OK, let me summarize a few things:
A single address CAN have multipe IP's, per the example with Yahoo. When this occurs, a DNS server hands them out one at a time, in a round-robin mode. This is great for simple load balancing, but if you have one IP fail, you're going to have problems - Every time that IP comes up in the round robin, it will fail.
All the load balancers listed are primarily focused on outbound traffic. When you have inbound traffic, each of your ISP's will assign a range (or use one that you have) for your network. All your requests must come from this range and will get routed BACK to the IP via that ISP. Two ISP's mean two address ranges, and the balancers will simply pick and choose which network to send the request out based on load factors, availability, etc.
If you want a true redundant solution, you MUST use BGP. This allows a single IP range to be shared among two ISP's. If your primary ISP link fails, the secondary will kick in and allow you to continue to function. This is how every major website in the world works (at least any that I know of). Yes, many of them are in colo facilities - Same thing happens, just done by the colo.
On that note, running BGP is not easy, simple or cheap. You have to have routers with enough memory to hold a massive routing table. You need to understand how it works in order to configure and maintain it, otherwise you're risking having everything blow up.
Here's the question - Why do you need two ISP connections? Is it for the additional traffic or is it for redundancy? Is it inbound or outbound?

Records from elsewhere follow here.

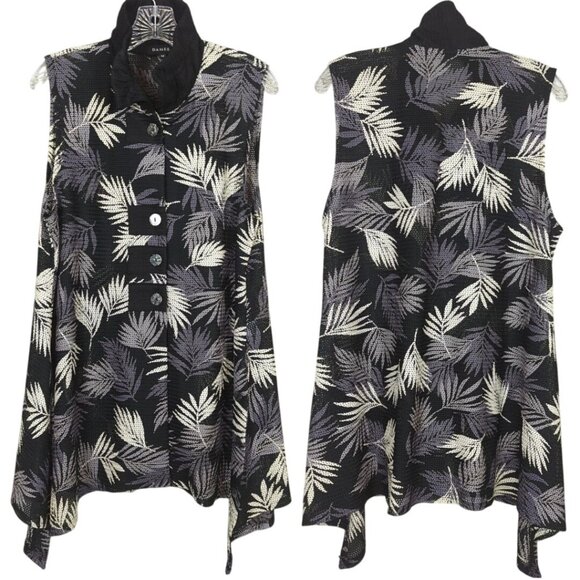 Damee sleeveless button front tropical leaf black gray asymmetrical Tunic M - Picture 1 of 15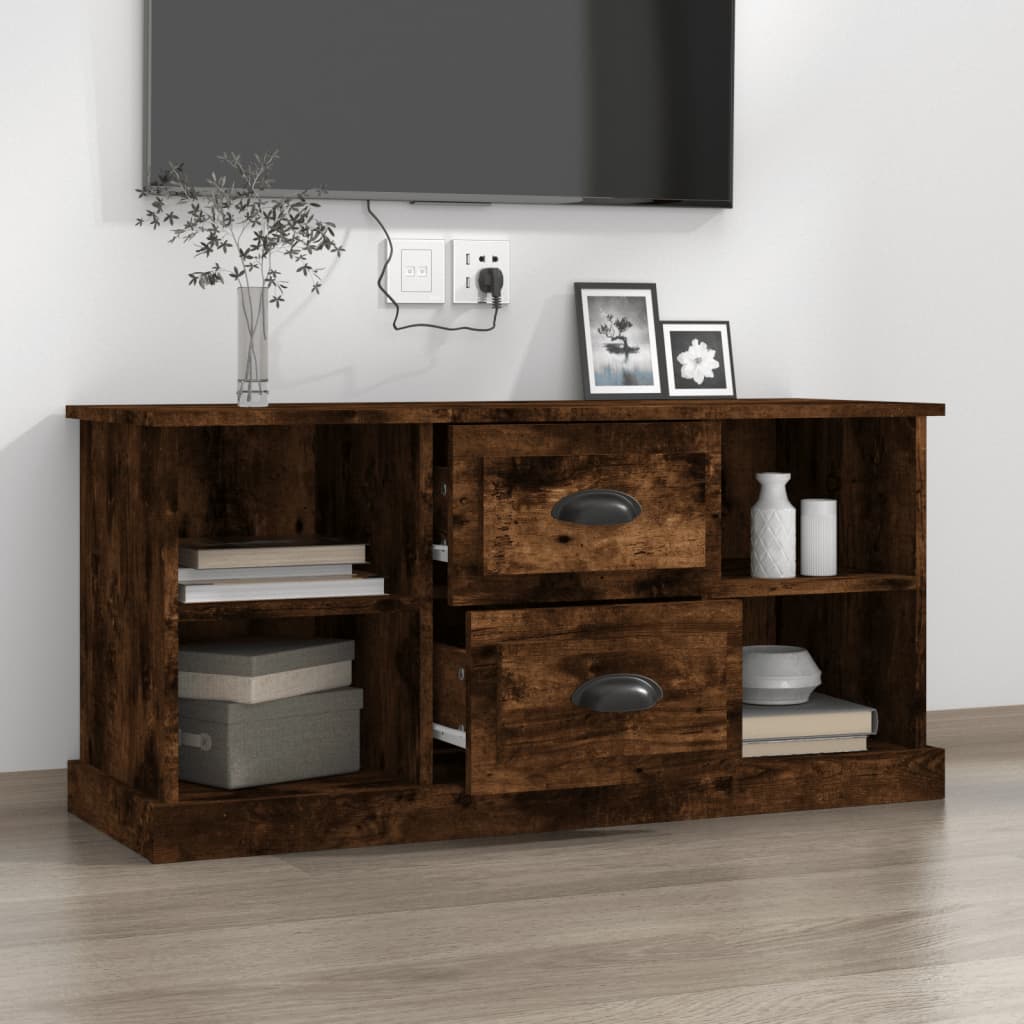 Füstös tölgyszínű szerelt fa tv-szekrény 99,5x35,5x48 cm Füstös tölgyszínű szerelt fa tv-szekrény 99,5x35,5x48 cm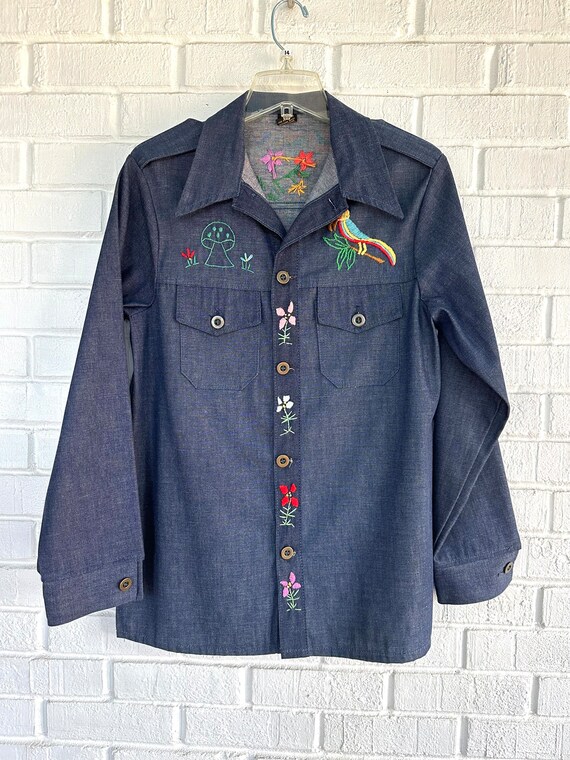 Vintage 70s Denim Blazer/ Custom Embroidered/ 197… - image 2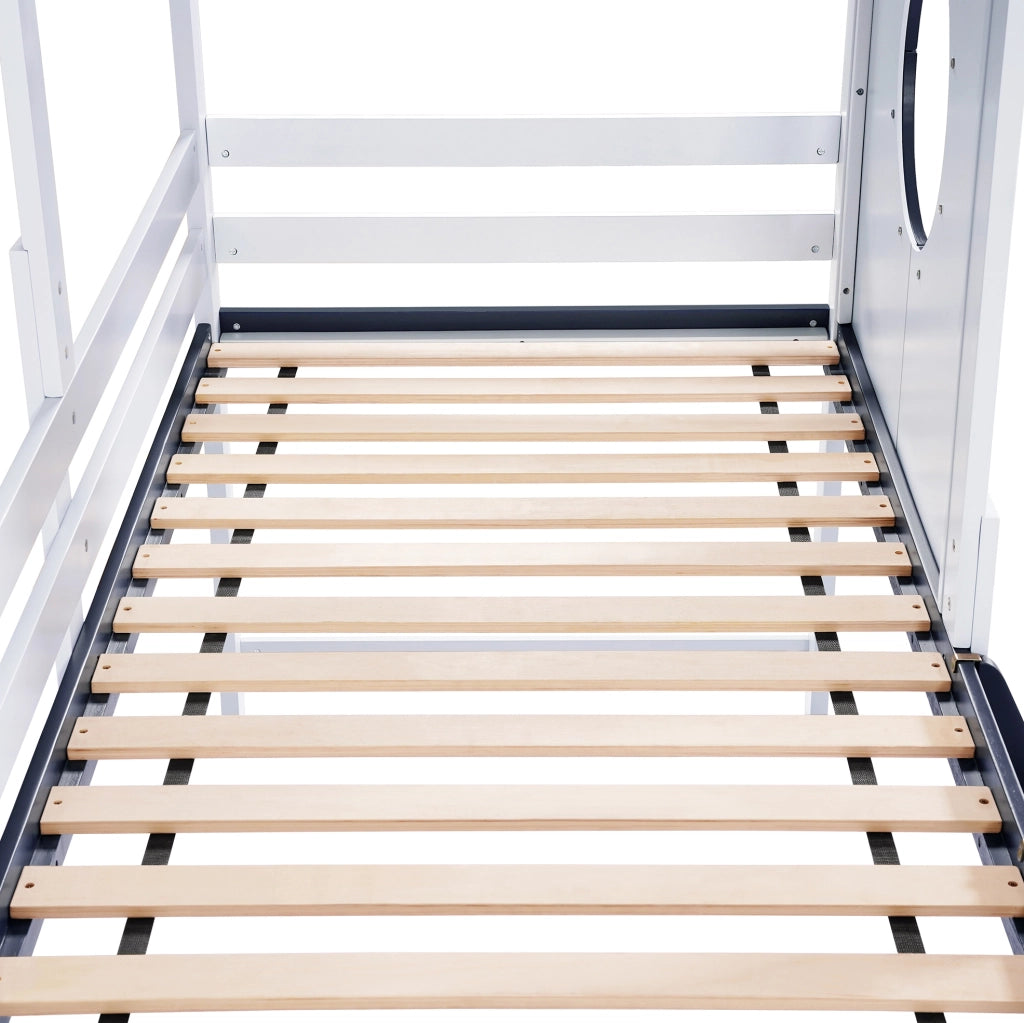 Letto a soppalco 90x200 cm con tetto; finestra; cassetto e scala in legno e MDF bianco e blu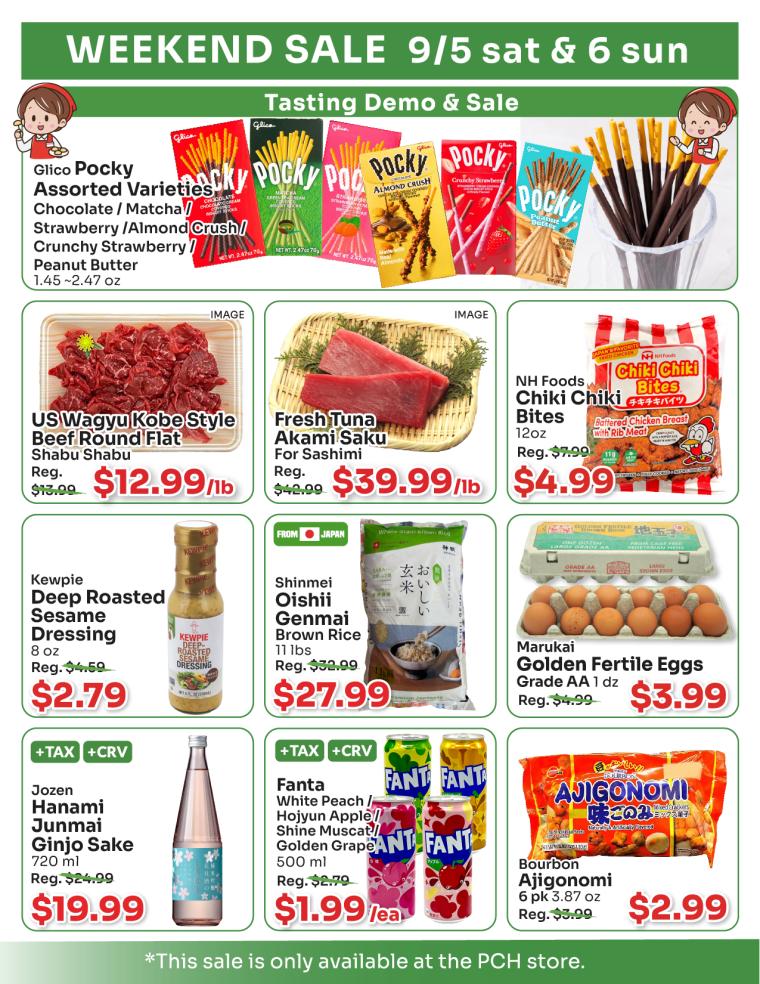 Tokyo Central PCH Torrance Weekend Sale flyer for September 5–6, featuring deals on bulgogi beef, mikan buri, cold noodles, brown rice, eggs, chocolate, beverages, sake, and facial cleanser.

If you're running a server in house, I have only one piece of advice. Don't. Unless you are well-set, with a fully-redundant, BGP-enabled network it's not worth it. Put the server at a colo somewhere and let someone else manage the network and possibly the server, depending on the content. If you need to have some kind of back-end connection, consider a T1 (or multiples, for redundancy). The whole setup would probably be cheaper than a second ISP connection and a full BGP implementation.